The tool is formed of materials, and can have coatings, selected to reduce the effects of erosion. In addition, rough and/or sharp edges should be avoided as much as possible to reduce fluid turbulence and frictional pressure losses. In addition or alternately, additives can be added to the drilling fluid that reduce turbulent friction pressure losses. Common additives for this purpose are, for example, hydrolyzed polyacrylamides, xanthan gums and hydroxyethylcellulose polymers.

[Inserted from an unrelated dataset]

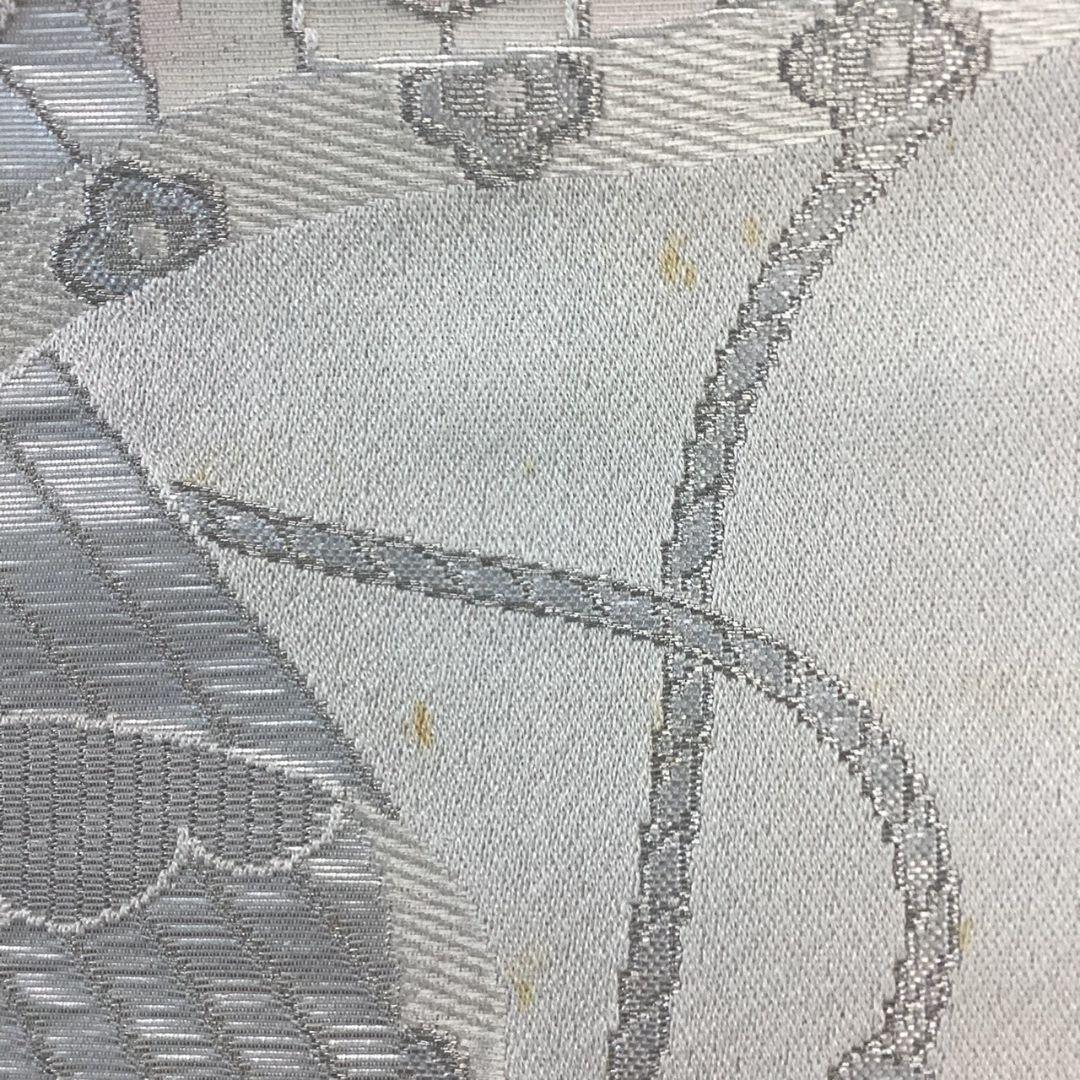 4921# Japanese Vintage Fukuro Obi Belt Kimono Fabric Silk Traditional Silver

In operation, drilling fluid from surface passes through bore 32 of drill string and through bypass ports 33. Once out of ports 33, a portion of the drilling fluid, referred to herein as the bit fluid, continues down the drill string towards the bit. A second portion of the drilling fluid, referred to herein as the power fluid, passes through power nozzle 34. The power fluid exits the power nozzle of the jet pump, enters throat 54, passes through the tapered diffuser 56 of the jet pump and exits the jet pump via pump outlet 42. Because of the seal in the annulus created by packer 14, the power fluid next flows toward the surface via the annulus between the drill string and the cased wellbore.
When power fluid flows through an appropriately sized jet pump, an area of reduced pressure is created in the region between the nozzle and the throat by means of a Venturi effect. External fluid is drawn into the area of Venturi reduced pressure via inlet 40. The external fluid then passes through the jet pump where it is mixed with the power fluid and discharged from the jet pump at high pressure through pump outlet 42.

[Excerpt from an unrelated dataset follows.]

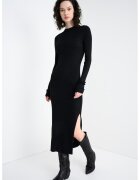 Stefanel Rochie midi cu slit lateral - maneci lungi si striatii - Negru/Argintiu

The external fluid is the bit fluid that has passed the bit and includes drill cuttings and formation fluids generated by the drill bit. The external fluid is in the annulus below the packer. The pressure in the annulus is a combination of the pressure at the top of the annulus plus the pressure exerted by the column of fluid in the annulus. The suction inlet 40 is located at the top of this annulus so when pressure is reduced at the suction inlet, the pressure at all points in the lower annulus will be reduced accordingly. When power fluid is supplied to the jet pump at sufficient rate and pressure, the resulting pressure in the annulus between the drillstring and the wellbore can be made lower than the pressure of fluids in the formation and such fluids will then flow into the annulus. This is the condition for what is referred to as "underbalanced drilling" when drilling is simultaneously occurring.
During periods of reduced or interrupted fluid circulation, it may be necessary to maintain underbalanced conditions wherein the region in the annulus below the packer is at a lower fluid pressure than those above the packer and within the drill string. Thus, referring to
Figure 5, in one embodiment, the tool of the present invention includes at least one valve for preventing fluid flow in a reverse direction through the jet pump. In particular, a ball 70 is disposed in diffuser portion 56 and is selected to seat in throat 54 to seal against reverse flow through the throat of the jet pump. When tool 10 is in use and fluid is flowing upwardly tlirough the throat portion, ball 70 is carried in the flow and creates no seal. In particular, outlet 42 is formed to retain ball 70 within diffuser portion 56 without blocking fluid flow tlirough the outlet. In particular, outlet port 42 is formed as a slot or an oval and the ball is wider than the narrowest portion of the opening. Other means for maintaining the ball in the diffuser can be used as desired.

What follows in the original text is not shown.